Entries taken from a collection
◆ ◆ ◆ ◆ ◆ ◆ ◆
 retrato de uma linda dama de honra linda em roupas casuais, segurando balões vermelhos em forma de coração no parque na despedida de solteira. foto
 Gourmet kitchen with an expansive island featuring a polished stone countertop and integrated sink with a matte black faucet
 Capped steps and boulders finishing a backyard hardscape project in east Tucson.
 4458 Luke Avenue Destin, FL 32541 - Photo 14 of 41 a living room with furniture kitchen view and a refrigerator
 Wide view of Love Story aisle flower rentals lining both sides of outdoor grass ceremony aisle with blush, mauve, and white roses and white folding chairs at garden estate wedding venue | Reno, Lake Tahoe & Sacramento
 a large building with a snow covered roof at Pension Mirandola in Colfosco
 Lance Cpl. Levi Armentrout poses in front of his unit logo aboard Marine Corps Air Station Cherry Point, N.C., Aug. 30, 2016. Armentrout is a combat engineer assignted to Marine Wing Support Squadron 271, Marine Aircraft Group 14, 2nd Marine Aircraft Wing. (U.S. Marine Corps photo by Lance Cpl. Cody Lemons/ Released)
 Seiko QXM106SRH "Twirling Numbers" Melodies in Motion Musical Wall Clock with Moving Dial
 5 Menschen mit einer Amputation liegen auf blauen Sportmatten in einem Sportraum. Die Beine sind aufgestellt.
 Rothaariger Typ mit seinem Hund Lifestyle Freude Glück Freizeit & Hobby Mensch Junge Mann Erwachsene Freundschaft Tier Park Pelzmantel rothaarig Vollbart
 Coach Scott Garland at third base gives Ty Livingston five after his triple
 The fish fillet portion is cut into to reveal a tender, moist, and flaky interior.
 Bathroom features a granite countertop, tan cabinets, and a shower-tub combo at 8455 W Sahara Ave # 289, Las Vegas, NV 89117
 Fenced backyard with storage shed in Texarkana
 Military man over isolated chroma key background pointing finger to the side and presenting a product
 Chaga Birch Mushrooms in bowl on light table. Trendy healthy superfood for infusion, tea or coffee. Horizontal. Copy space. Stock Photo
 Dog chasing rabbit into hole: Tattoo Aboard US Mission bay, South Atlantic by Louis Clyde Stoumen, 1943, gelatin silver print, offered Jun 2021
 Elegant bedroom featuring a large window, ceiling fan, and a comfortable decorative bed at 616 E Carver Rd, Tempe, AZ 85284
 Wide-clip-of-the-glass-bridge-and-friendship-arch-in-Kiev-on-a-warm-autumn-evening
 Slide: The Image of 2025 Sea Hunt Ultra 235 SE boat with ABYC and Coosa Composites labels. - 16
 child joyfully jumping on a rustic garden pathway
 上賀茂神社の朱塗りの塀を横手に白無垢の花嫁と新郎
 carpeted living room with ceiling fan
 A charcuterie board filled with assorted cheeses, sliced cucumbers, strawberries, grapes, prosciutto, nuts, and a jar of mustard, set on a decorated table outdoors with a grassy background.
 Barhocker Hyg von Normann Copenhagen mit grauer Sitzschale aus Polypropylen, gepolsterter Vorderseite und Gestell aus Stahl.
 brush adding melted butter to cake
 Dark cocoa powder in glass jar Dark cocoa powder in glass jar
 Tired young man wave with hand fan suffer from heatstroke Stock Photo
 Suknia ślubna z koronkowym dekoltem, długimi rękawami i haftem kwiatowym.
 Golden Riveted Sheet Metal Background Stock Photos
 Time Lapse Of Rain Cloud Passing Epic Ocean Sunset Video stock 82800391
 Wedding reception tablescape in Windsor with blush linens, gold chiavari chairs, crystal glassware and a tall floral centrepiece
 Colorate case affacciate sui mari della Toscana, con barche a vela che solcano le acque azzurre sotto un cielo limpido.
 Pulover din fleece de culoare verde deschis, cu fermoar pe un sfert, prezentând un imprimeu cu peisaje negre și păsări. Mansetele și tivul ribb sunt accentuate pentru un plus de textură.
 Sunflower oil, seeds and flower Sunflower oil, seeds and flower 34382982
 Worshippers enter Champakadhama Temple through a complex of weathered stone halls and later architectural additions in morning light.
◆ ◆ ◆ ◆ ◆ ◆ ◆
▶ _EXERCISE DIRECTIONS_
Give back the records word for word. Start at the first line, end at the line containing "with Moving Dial", and include both.

▶ _RESPONSE TO THIS TASK_
 retrato de uma linda dama de honra linda em roupas casuais, segurando balões vermelhos em forma de coração no parque na despedida de solteira. foto
 Gourmet kitchen with an expansive island featuring a polished stone countertop and integrated sink with a matte black faucet
 Capped steps and boulders finishing a backyard hardscape project in east Tucson.
 4458 Luke Avenue Destin, FL 32541 - Photo 14 of 41 a living room with furniture kitchen view and a refrigerator
 Wide view of Love Story aisle flower rentals lining both sides of outdoor grass ceremony aisle with blush, mauve, and white roses and white folding chairs at garden estate wedding venue | Reno, Lake Tahoe & Sacramento
 a large building with a snow covered roof at Pension Mirandola in Colfosco
 Lance Cpl. Levi Armentrout poses in front of his unit logo aboard Marine Corps Air Station Cherry Point, N.C., Aug. 30, 2016. Armentrout is a combat engineer assignted to Marine Wing Support Squadron 271, Marine Aircraft Group 14, 2nd Marine Aircraft Wing. (U.S. Marine Corps photo by Lance Cpl. Cody Lemons/ Released)
 Seiko QXM106SRH "Twirling Numbers" Melodies in Motion Musical Wall Clock with Moving Dial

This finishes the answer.